MP3s waren für mich eine Befreiung aus dem Korsett der Plattenindustrie, und das sind sie immer noch. Klar, der Sound ist schlechter, aber das war er bei der CD anfangs auch. Wichtiger: MP3s sind "unser" Medium. JedeR kann sie herausbringen, die Hierarchien sind nicht abgeschafft, aber zumindest in Frage gestellt. Mein Verdacht ist, dass die Branchenriesen davor mehr Angst haben als vor den angeblichen Umsatzeinbußen.

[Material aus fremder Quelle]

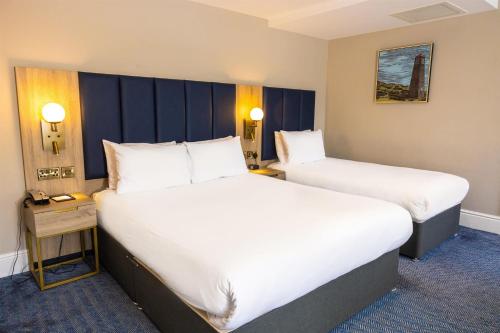 Dover Marina Hotel & Spa, Tapestry Collection by Hilton Room Type - Triple Room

Aber es gibt genug Leute, und nicht nur aus der Post-Vinyl-Generation, für die die CD ebenfalls ein begehrenswertes Objekt ist. Und in der Konkurrenz zum Download kann sie es auch wieder werden bzw. weiter bleiben - indem man sie noch begehrenswerter macht, mit Extras und Pappcover und liebevollem Design. Das passiert schon lange, und ich denke, es wird in Zukunft noch mehr passieren. Mehr Fetisch. Daneben hat die Veröffentlichung als LP für Sammler immer noch Konjunktur. Noch mehr Fetisch.

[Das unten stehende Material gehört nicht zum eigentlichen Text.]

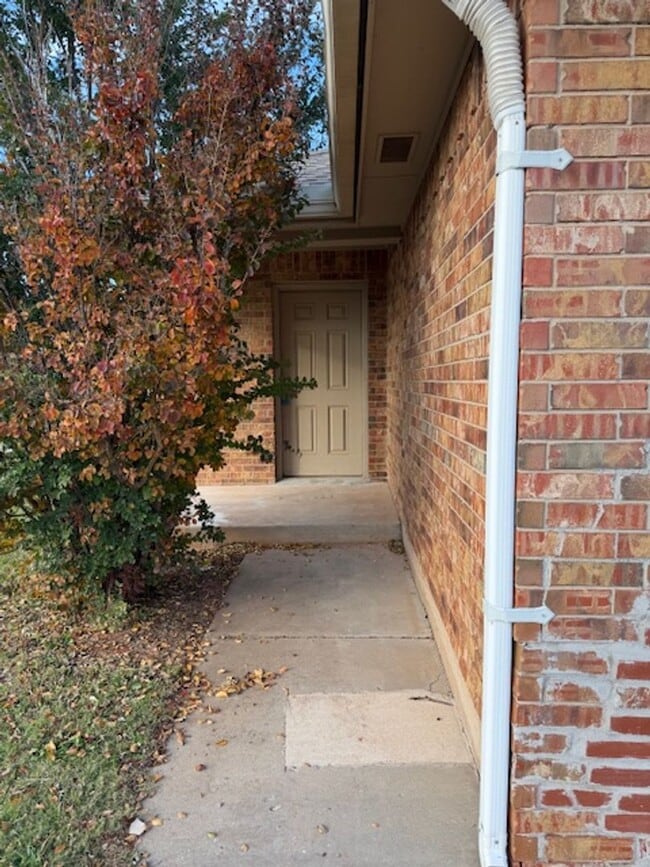 Building Photo - Updated Duplex - Mustang Schools - Open Fl...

In Deutschland bringe ich Conny als Album heraus, nicht nur als zwei Hefte. Ein Album ist einfach mehr Fetisch als zwei Hefte. Naja, und all die anderen Gründe, die ich bisher genannt habe. Übrigens, aus genau dem gleichen Grund bringe ich Conny auf englisch nicht als Album heraus, sondern als zwei Hefte. Die kann man mal zwischendurch auf den Markt schmeißen, aber für ein Album - oder Trade Paperback - fehlt mir im Ausland einfach die Vertriebsmöglichkeit. Das wäre mir dann doch zu sehr Perlen vor die Säue. Mein Projekt für das zweite Halbjahr 2008 ist, zumindest zu versuchen, einen Verlag oder Vertrieb zu finden, der das besser kann, der dem Objekt einen passenderen Rahmen geben kann.

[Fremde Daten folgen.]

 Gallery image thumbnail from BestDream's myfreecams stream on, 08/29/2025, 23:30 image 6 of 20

Ihr seht also, ich bin durchaus auch ein Mensch des letzten Jahrhunderts. Sonst würde ich ja nur noch Downloads anbieten.

___________

*) Zitiert nach einem der Blogeinträge mit dem passenden Namen "This CD's dying... Could you sign it for me?". Leider kann ich den nicht einzeln verlinken.